Just Like Someone Without Mental Illness Only More So_ A Memoir - Mark Vonnegut [54]
The process whereby one gets to be a doctor is one where you pretty much have to be a grade-and-approval junky. This eventually has unfortunate consequences—all a hospital or insurer or pharmaceutical company has to do to get doctors to jump through hoops is set up a grading system and put some doctors in tier one and others in tier two or three or four. The courage to do the right thing in the face of disapproval is often lacking.
There is a dangerous point in the deliberation process of the admissions committee where the application has been formally presented and one of the people who interviewed the candidate briefly defends why he gave the candidate a 9.5 or 10.0. There’s a pause where anyone on the committee can say anything. If the next thing that’s said is strongly positive, the application will sail on to the next level, but if someone says, “A bit thin on the extras,” or “Were they involved in the community?” or, worst of all, “It’s a strong application, but is this applicant really right for here?” the fate of the otherwise strong applicant twists in the wind. Trying to defend someone at this point almost seems to make it worse. If the application needs your help, how good could it be?
People don’t apply to Harvard Medical School lightly. They are all standing on a lot of shoulders. We were passing judgment on some of the most absurdly intelligent, accomplished, highly motivated men and women the world had ever produced.

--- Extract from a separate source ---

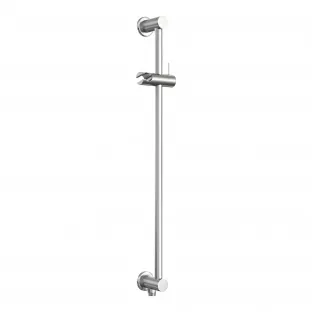 Brauer Brushed Edition slide bar with integrated water outlet - 70 cm - brushed stainless steel PVD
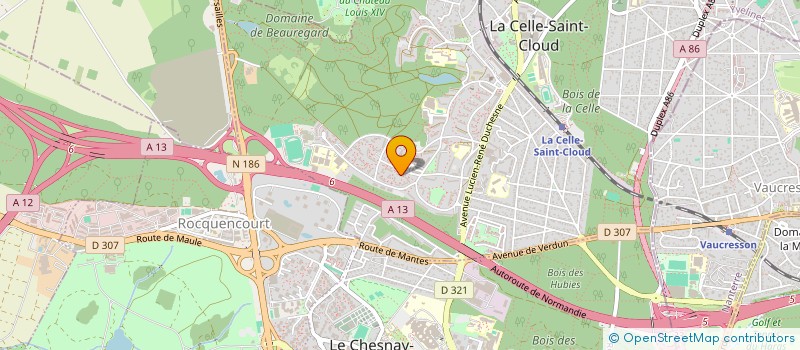 localisation de l'entreprise ASSOCIATION ARICHEKOLA AZIZIA  LA CELLE-SAINT-CLOUD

The curse of having to be important dooms a lot of us. Living up to all that white marble and the tree Hippocrates taught under and the admissions process is not easy. If you become a doctor to make a difference, it turns out that no difference you can make is enough. Unambitious people aren’t going to be applying to or getting into medical school, but once an ambitious person gets in, she has to either win a Nobel Prize or learn how to be of service to ordinary people with unglamorous problems.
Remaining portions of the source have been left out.